The Guelph Lecture—On Being Canadian continues to broaden the scope and number of voices that promote and foster public dialogue on, and greater understanding of, ideas and issues of concern to Canadians. Each year the Guelph Lecture brings together a cast of some the most innovative, imaginative, and inspiring thinkers and performers who engage audience members with an array of ideas not just for Canadians, but for all. The November 13, 2015 event featured literary guest Lee Maracle and lecturer Jaron Lanier.
A member of the Stó:lō Nation in British Columbia, Lee Maracle is a celebrated author, poet, educator, storyteller and performing artist. She is one of the country’s most prolific writers, and was first published in the early 1970s. Among her novels are Ravensong, Bobbi Lee: Indian Rebel and Daughters Are Forever.
Presenting the keynote lecture, Jaron Lanier speaks about the social impact of technology, the philosophy of consciousness and information, and Internet politics. A pioneer in virtual reality (a term he coined), he has been at the forefront of technological innovation from its infancy to the present.

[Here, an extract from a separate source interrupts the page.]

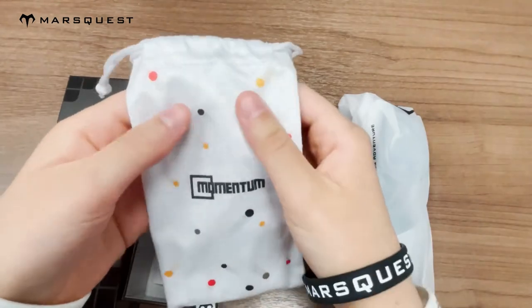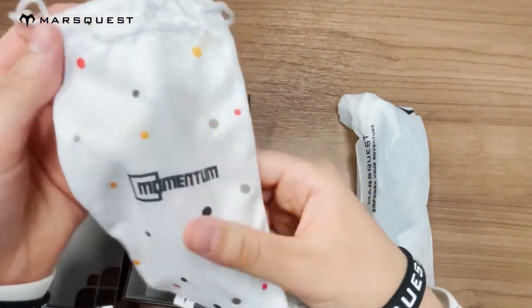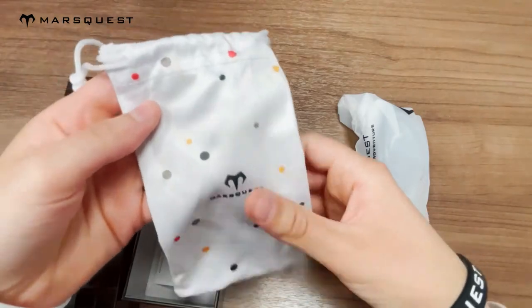These sunglasses also come with this microfiber pouch which you can use to clean the lenses of the sunglasses with.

Lee Maracle reads from her latest poetry, written during her time as the 2015 Eastern Comma Writer-in-Residence, a program of Musagetes and rare Charitable Research Reserve in Cambridge, Ontario.
Lee Maracle is the author of a number of critically acclaimed literary works including Sojourner’s and Sundogs [collected work of novel and short stories]; Celia’s Song [her latest novel]; Ravensong [novel], Bobbi Lee [autobiographical novel]; Daughters Are Forever, [novel]; Will’s Garden [young adult novel]; Bent Box [poetry]; and I Am Woman [creative non-fiction]. Maracle is the co-editor of a number of anthologies including the award winning publication, My Home As I Remember. She is also co-editor and contributor of Telling It: Women and Language across Culture [conference proceedings]. Maracle is published in anthologies and scholarly journals worldwide.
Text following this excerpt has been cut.